How are "second best peaks" determined during mProphet modeling?

How are "second best peaks" determined during mProphet modeling? a. schroeder  2019-02-02

Dear Skyline Team,

during mProphet modeling "second best peaks" can be used instead of (or in parallel to) decoy peptides.
As far as I have gotten into the subject, Reiter et al. only mention decoy peptides in their mProphet publication.

Is the use of second best peaks Skyline-specific?
And how are they determined during modeling?
Basically: What are second best peaks?

Thanks a lot for your great work!

Brendan MacLean responded:  2019-02-04

Hi Ayla,
They are always calculated during modeling by scoring all peaks with the current model (in the first iteration a bootstrap model is used). Then the "target" values are taken as the best scoring peaks for each target (i.e. peptide) and the "second best" decoy peak is taken as the second-best scoring peak, assuming it should not be a true peak if the best peak is, which means it is a random occurrence.

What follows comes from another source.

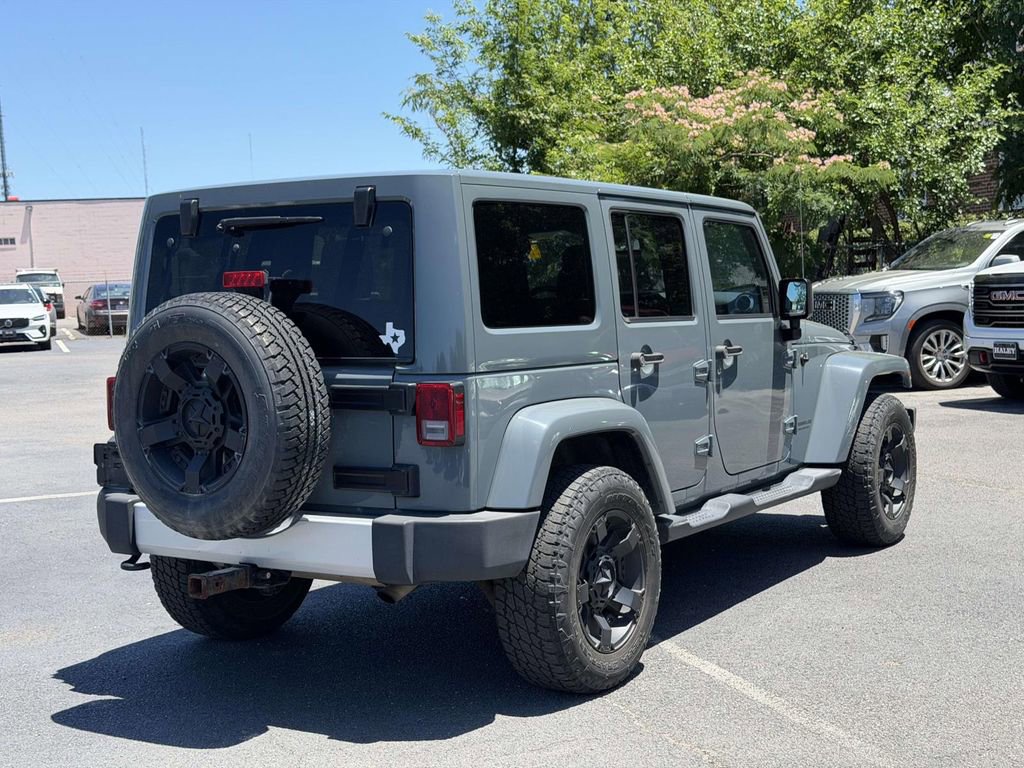 Used 2014 Jeep Wrangler Unlimited Sahara w/ Max Tow Package AWD/4WD image 2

The tricky thing with these peaks is their retention time, which is by definition not independent of the target peaks, since they can't both occupy the same retention time. So, for a truly random set of decoy scores where targets and decoys are independent when you are using second best peaks, you should exclude retention time scores.

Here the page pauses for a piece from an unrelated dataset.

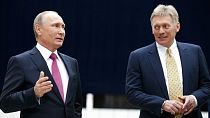 Il presidente russo Vladimit Putin e il portavoce del Cremlino Dimitry Peskov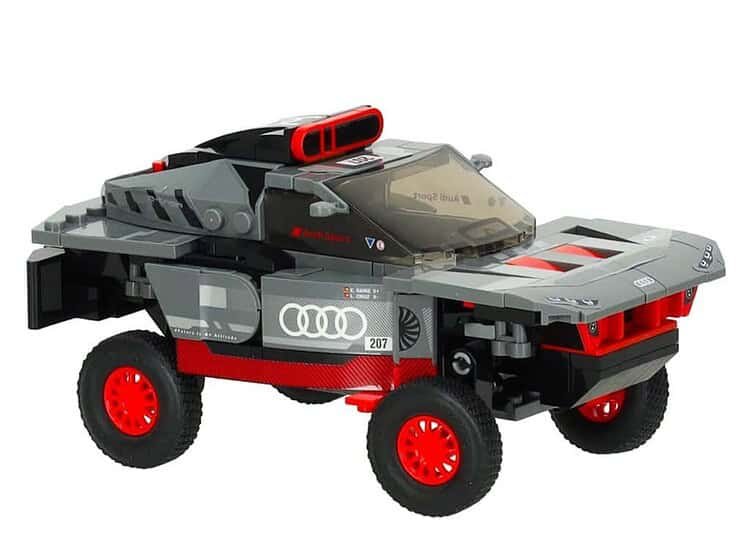 1.Automobil de jucărie LEGO Technic Audi RS Q e-tron, pentru copii mici și colecționari.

That's my thinking anyway. This feature just comes out of experimental thinking at the time the mProphet support was added to Skyline. I have never seen a paper that proves it works or that supports my assertion above. Some people have had success with it, and if you are trying to use mProphet with true targeted methods where you forgot to include decoy targets, then it may be your only option. It has been used in published papers.

Hope this helps. Sorry, I can't make any claims about the validity of the models using this feature. It is sort of use at your own discretion.


a. schroeder responded:  2019-02-06

Hi Brendan,

thank you very much for your detailed response!